Thursday, 27 November 2014

Girl With Golden Eyes

I thought of whether I should write, or perhaps take a breather just for tonight. I guess the latter never appealed to me, so here I am. I had tonight all planned out, as it is every other night. But I don't think I can anymore, these pills are deteriorating my system and I feel it intensify each time I wake up to face a brand new day. I hate this week so much, I just want it to end. But who am I kidding to think maybe next week might be better. I want to feel alive, I want to know what happiness feels like again for I can hardly remember. Nothing more than a faint memory lies within me. I can't help but think that all the odds are pointing to favor the fact that I have to face this on my own. I always knew the proximities of time would catch up with me someday, and now reality is crashing hard upon me. I just didn't think that the people I love the most would be taken away temporarily from me, all at once, and all together with my strength if I may add. What then do I have left to run on? I don't get it.

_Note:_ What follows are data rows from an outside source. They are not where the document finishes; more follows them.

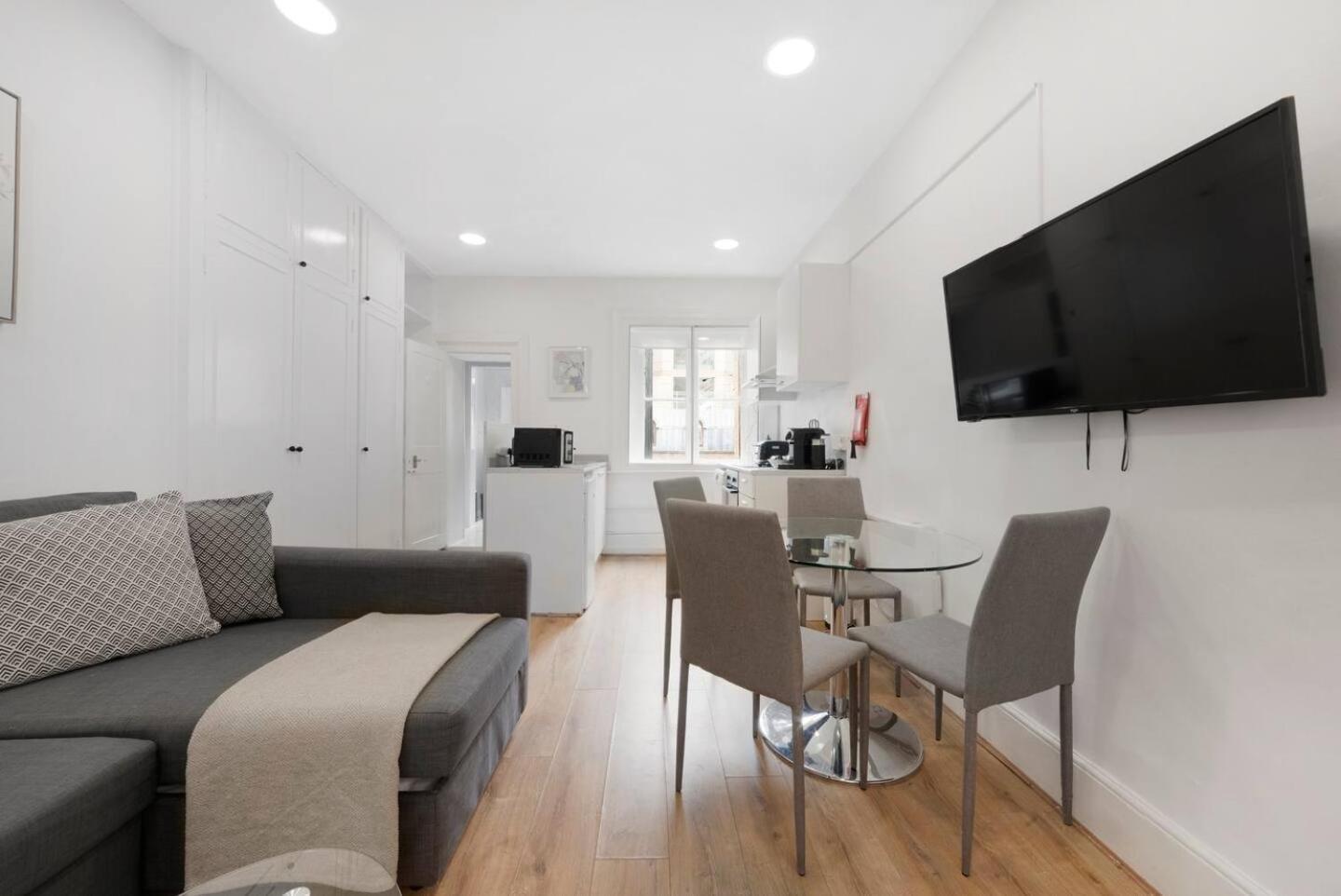 Apartamento 2 Bed Piccadilly 3 *
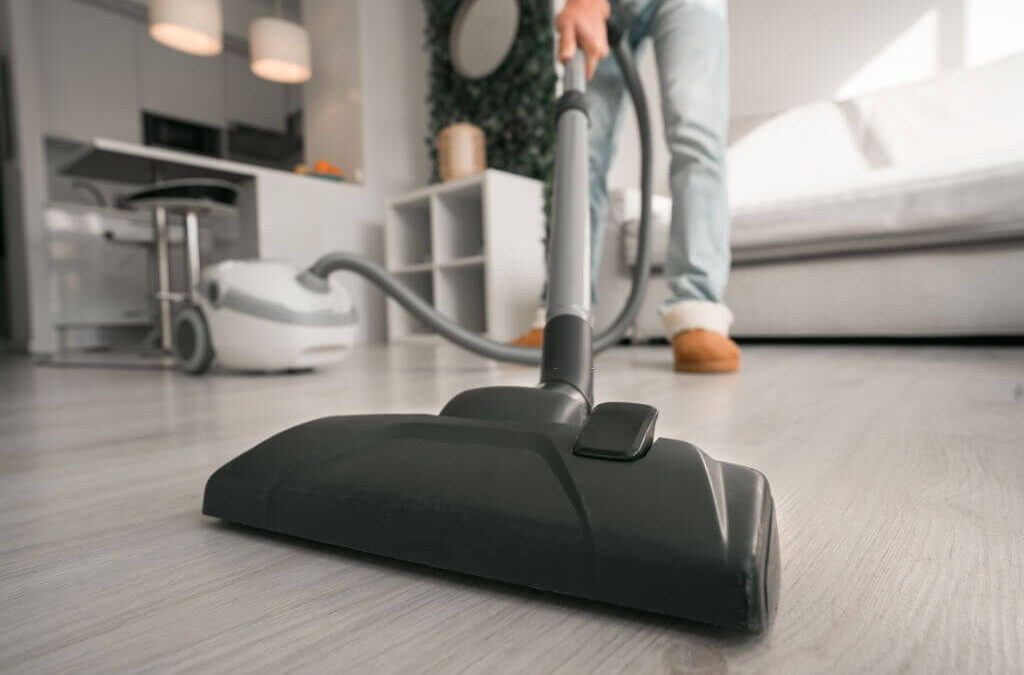 4 Reasons Why Should Hire A Professional Wood Floor Cleaner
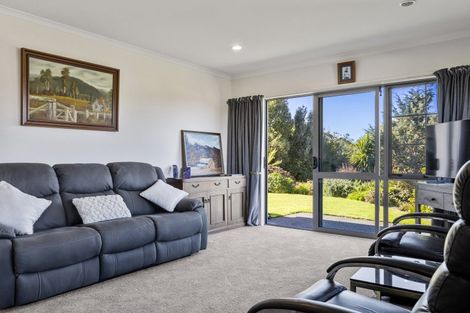Photo of property in 44 Lakeridge Close, Rangatira Park, Taupo, 3330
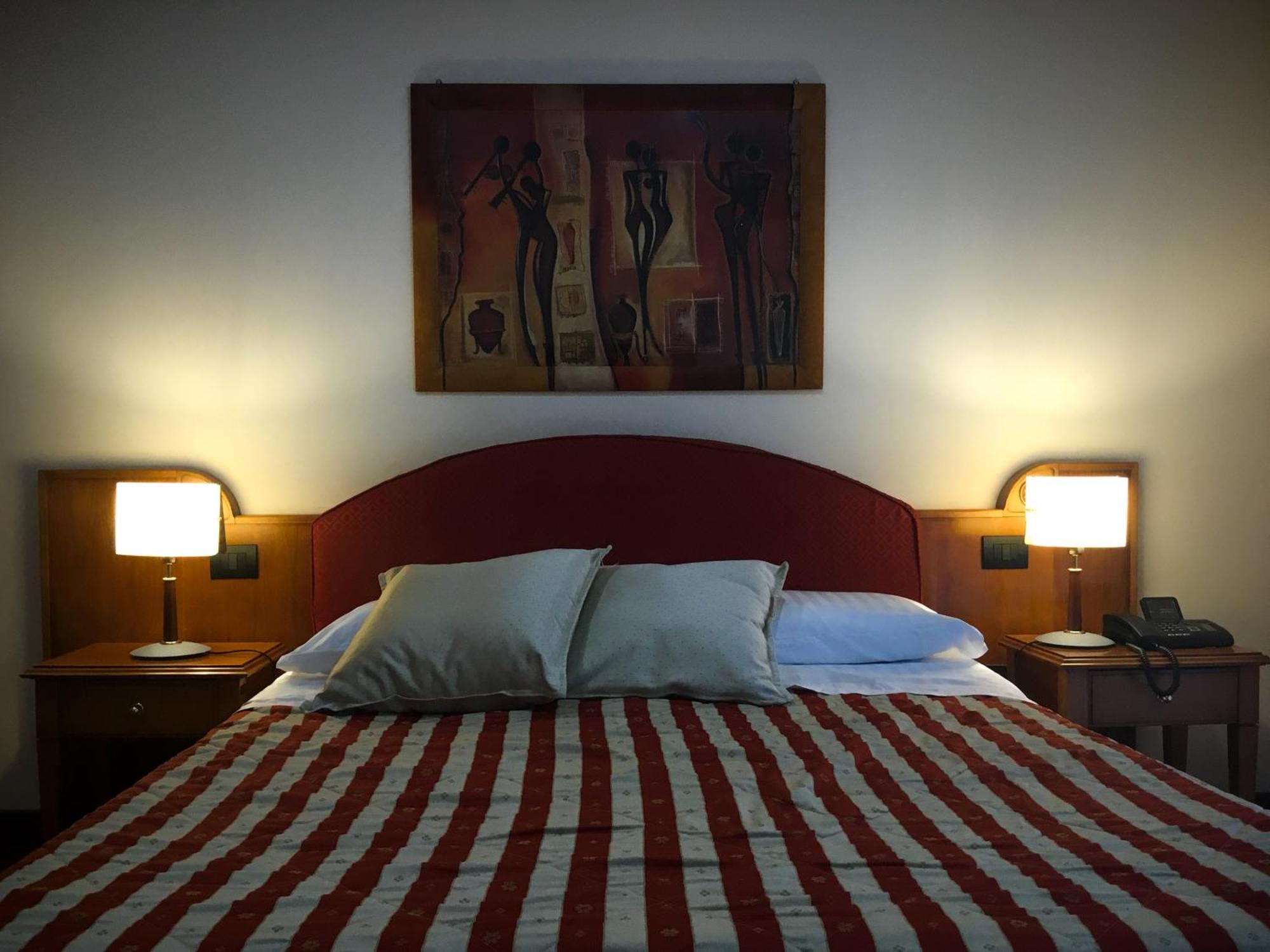 Erania Hotel Sala Consilina Kültér fotó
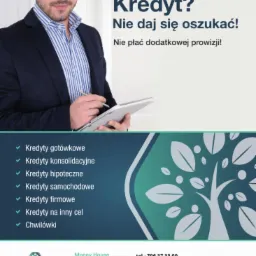 Mężczyzna w garniturze prezentuje ofertę kredytową na tablecie. Informacja o kredytach gotówkowych, konsolidacyjnych, hipotecznych, samochodowych i firmowych. Logo Money House.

There must be a reason for everything to pen out the way it has. There has to be a reason to have to go through so much shit and still fight on even when I have nothing left inside of me. If there exists no reason then it would be sensible to give up. But I can't, I still believe in a reason for everything. I don't have much left within me anymore. If it is true that our eyes are the windows to our souls and the lamps of our bodies', then my eyes must portray a dark destitute barren fuckin wasteland. I just want my friend back, even though it's clear I love her more than she loves me.